(Task description): Count every line in the records below that contains the string "Warm". Report that number alone.

Scraped caption text data
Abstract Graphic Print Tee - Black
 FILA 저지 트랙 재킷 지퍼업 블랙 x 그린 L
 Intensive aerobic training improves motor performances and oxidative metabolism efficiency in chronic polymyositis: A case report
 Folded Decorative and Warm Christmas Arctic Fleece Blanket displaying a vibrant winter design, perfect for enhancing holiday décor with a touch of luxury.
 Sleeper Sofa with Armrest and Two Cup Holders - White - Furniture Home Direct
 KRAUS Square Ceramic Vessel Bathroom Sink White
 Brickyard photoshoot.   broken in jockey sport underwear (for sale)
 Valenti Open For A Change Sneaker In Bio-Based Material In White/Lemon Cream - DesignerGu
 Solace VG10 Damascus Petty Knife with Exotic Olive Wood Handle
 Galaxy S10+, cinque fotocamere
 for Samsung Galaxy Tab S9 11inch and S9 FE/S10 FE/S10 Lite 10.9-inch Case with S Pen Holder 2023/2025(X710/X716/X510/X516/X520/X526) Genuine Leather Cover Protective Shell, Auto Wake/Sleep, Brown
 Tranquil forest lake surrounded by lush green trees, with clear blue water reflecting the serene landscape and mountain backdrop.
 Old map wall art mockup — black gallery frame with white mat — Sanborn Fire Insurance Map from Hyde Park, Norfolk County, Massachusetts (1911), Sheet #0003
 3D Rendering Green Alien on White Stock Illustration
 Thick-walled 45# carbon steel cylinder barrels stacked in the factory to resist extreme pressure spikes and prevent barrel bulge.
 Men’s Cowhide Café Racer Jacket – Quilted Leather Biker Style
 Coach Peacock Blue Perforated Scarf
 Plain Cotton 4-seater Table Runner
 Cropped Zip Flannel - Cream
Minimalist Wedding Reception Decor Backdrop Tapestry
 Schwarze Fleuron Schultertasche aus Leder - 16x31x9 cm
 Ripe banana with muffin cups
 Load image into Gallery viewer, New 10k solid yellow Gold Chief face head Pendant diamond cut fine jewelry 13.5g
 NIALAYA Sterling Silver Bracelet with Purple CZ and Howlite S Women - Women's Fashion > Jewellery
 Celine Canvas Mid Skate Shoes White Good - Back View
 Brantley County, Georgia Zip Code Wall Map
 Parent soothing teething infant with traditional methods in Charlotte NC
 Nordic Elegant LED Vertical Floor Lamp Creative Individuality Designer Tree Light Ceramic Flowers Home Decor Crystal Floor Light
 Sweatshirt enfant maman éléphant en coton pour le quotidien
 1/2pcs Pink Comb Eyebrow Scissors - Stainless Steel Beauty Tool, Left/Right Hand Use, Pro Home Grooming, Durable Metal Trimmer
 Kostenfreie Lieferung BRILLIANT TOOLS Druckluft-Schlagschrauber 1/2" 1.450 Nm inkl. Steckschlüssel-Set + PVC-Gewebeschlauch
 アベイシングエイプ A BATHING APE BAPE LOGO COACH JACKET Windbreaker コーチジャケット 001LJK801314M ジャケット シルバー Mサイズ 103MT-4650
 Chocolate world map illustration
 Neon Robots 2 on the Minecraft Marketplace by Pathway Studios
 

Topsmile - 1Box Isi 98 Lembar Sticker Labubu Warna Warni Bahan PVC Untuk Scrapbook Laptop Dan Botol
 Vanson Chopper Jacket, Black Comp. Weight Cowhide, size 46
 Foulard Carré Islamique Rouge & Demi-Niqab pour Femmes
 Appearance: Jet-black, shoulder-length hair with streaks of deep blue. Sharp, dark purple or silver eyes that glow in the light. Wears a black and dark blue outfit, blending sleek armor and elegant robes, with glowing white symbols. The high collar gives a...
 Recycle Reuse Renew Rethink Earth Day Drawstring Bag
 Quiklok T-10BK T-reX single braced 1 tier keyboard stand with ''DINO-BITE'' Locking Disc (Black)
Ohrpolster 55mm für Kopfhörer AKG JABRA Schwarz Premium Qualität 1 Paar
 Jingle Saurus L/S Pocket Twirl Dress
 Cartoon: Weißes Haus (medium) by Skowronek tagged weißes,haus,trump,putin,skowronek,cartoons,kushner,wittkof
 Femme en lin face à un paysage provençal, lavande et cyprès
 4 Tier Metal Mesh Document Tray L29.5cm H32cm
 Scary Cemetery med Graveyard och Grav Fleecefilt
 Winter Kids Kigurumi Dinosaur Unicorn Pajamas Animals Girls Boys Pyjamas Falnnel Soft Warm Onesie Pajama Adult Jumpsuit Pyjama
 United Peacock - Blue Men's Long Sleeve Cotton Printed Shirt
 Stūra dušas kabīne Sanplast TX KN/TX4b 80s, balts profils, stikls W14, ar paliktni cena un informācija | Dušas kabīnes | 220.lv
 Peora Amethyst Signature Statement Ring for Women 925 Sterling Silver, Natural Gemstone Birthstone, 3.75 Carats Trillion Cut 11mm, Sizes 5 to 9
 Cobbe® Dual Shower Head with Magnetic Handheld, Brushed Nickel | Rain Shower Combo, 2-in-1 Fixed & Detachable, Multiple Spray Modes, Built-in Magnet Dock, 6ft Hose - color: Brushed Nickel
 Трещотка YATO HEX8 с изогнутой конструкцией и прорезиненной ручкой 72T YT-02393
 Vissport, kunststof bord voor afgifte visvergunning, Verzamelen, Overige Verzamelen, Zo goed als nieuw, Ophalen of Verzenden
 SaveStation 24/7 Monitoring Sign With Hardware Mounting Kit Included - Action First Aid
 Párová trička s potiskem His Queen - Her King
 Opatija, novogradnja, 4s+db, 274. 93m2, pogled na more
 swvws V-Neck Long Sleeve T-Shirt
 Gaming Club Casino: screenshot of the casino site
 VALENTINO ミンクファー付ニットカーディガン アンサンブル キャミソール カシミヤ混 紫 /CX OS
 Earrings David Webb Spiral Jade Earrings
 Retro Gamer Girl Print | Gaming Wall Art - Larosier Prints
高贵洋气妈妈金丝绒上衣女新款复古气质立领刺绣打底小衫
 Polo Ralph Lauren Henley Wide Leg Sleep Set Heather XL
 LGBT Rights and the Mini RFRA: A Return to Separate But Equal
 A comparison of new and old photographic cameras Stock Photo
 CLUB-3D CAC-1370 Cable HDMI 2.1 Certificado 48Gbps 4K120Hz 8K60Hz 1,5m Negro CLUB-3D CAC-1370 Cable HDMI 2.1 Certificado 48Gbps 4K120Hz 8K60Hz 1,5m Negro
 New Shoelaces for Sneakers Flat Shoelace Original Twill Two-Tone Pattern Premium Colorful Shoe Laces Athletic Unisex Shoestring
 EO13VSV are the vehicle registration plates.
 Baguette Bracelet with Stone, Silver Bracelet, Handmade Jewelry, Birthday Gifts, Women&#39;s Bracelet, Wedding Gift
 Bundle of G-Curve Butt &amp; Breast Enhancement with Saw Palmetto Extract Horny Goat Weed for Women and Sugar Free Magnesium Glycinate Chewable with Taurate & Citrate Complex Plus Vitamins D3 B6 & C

(Exercise solution): 2